- _Problem_
Each line of the records must appear in your answer exactly, with no pictures.

(Excerpts from a dataset)
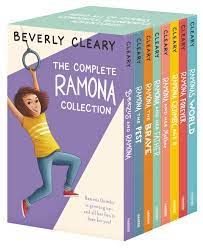 Ramona the brave, ramona the pest, beezus and ramona, and ramona quimby, age 8. The Complete 8 Book Ramona Collection Beezus And Ramona Ramona And Her Father Ramona And Her Mother Ramona Quimby Age 8 Ramona Forever Ramona The Brave Ramona The Pest Ramona S World Cleary Beverly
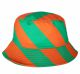 Vissershoedje Kruikenstad Groen Oranje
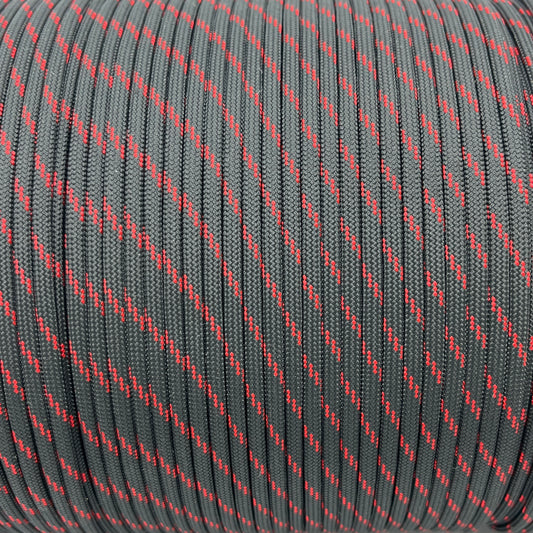 Paracorde 550 type 3 - Thin red line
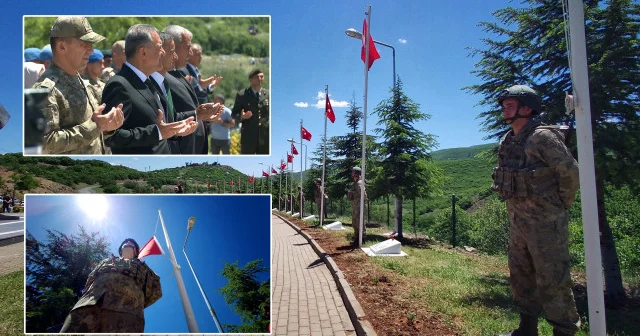 Dinmeyen acı: Bingöl de şehit edilen 33 er anıldı Bingöl Haberleri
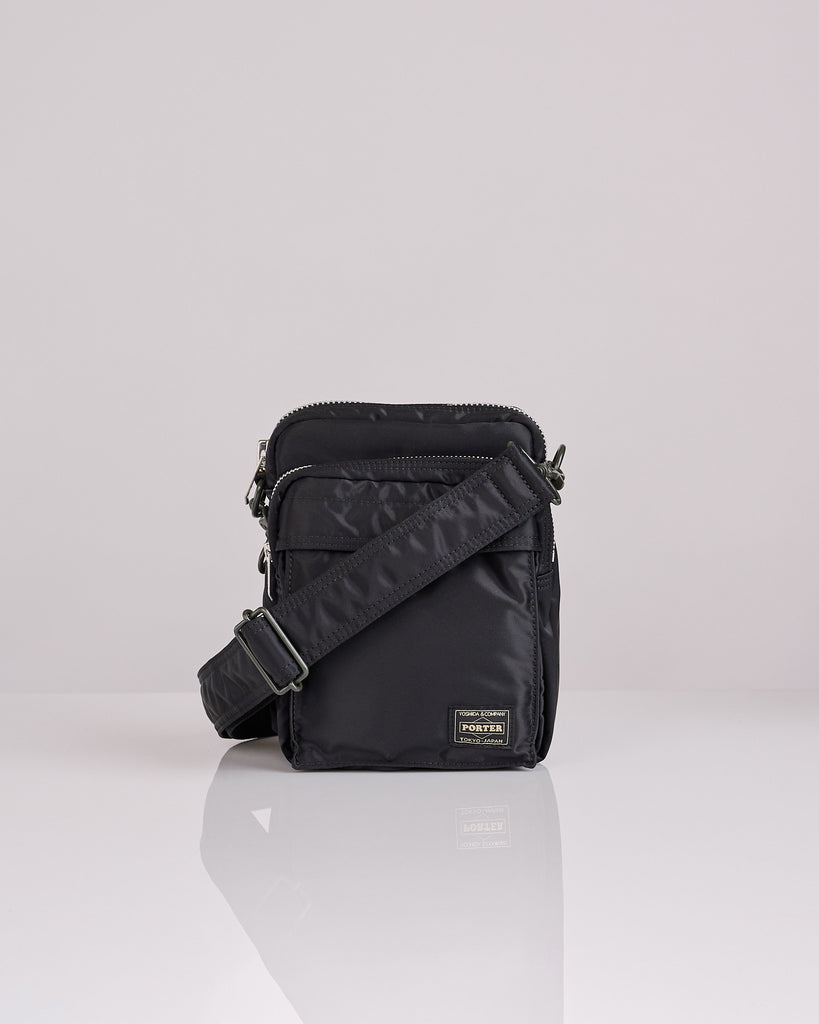 Porter Tanker Vertical Bag Black – LESS 17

- _Task answer_
 Ramona the brave, ramona the pest, beezus and ramona, and ramona quimby, age 8. The Complete 8 Book Ramona Collection Beezus And Ramona Ramona And Her Father Ramona And Her Mother Ramona Quimby Age 8 Ramona Forever Ramona The Brave Ramona The Pest Ramona S World Cleary Beverly
 Vissershoedje Kruikenstad Groen Oranje
 Paracorde 550 type 3 - Thin red line
 Dinmeyen acı: Bingöl de şehit edilen 33 er anıldı Bingöl Haberleri
 Porter Tanker Vertical Bag Black – LESS 17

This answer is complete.